Falácias sobre a luta armada na ditadura
MARCO ANTONIO VILLA

Militantes de grupos de luta armada criaram um discurso eficaz. Quem questiona "vira" adepto da ditadura. Assim, evitam o debate

A LUTA armada, de tempos em tempos, reaparece no noticiário. Nos últimos anos, foi se consolidando uma versão da história de que os guerrilheiros combateram a ditadura em defesa da liberdade. Os militares teriam voltado para os quartéis graças às suas heróicas ações. Em um país sem memória, é muito fácil reescrever a história. É urgente enfrentarmos essa falácia. A luta armada não passou de ações isoladas de assaltos a bancos, seqüestros, ataques a instalações militares e só. Apoio popular? Nenhum. O regime militar acabou por outras razões.
Argumentam que não havia outro meio de resistir à ditadura, a não ser pela força. Mais um grave equívoco: muitos dos grupos existiam antes de 1964 e outros foram criados logo depois, quando ainda havia espaço democrático (basta ver a ampla atividade cultural de 1964-1968). Ou seja, a opção pela luta armada, o desprezo pela luta política e pela participação no sistema político e a simpatia pelo foquismo guevarista antecedem o AI-5 (dezembro de 1968), quando, de fato, houve o fechamento do regime.

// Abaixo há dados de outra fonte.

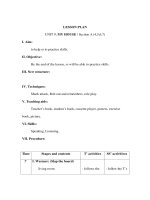 Giáo án Tiếng anh lớp 3 - LESSON PLAN UNIT 9: MY HOUSE / Section A (4,5,6,7) pps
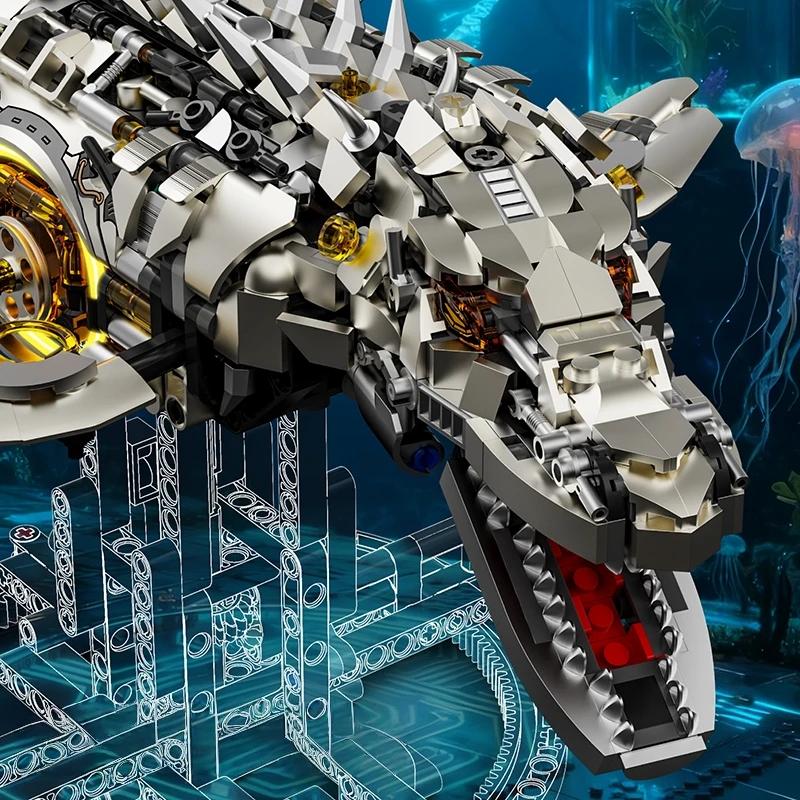 1413 Teile Technic Dinosaurier Bausteine Mosasaurus Modellbausatz Mit Leuchtenden Beweglichen Gelenken Meeres Tier Dekoration STEM Geschenk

O terrorismo desses pequenos grupos deu munição (sem trocadilho) para o terrorismo de Estado e acabou usado pela extrema-direita como pretexto para justificar o injustificável: a barbárie repressiva.
Todos os grupos de luta armada defendiam a ditadura do proletariado. As eventuais menções à democracia estavam ligadas à "fase burguesa da revolução". Uma espécie de caminho penoso, uma concessão momentânea rumo à ditadura de partido único.
Conceder-lhes o estatuto histórico de principais responsáveis pela derrocada do regime militar é um absurdo. A luta pela democracia foi travada nos bairros pelos movimentos populares, na defesa da anistia, no movimento estudantil e nos sindicatos. Teve na Igreja Católica um importante aliado, assim como entre os intelectuais, que protestaram contra a censura. E o MDB, nada fez? E seus militantes e parlamentares que foram perseguidos? E os cassados?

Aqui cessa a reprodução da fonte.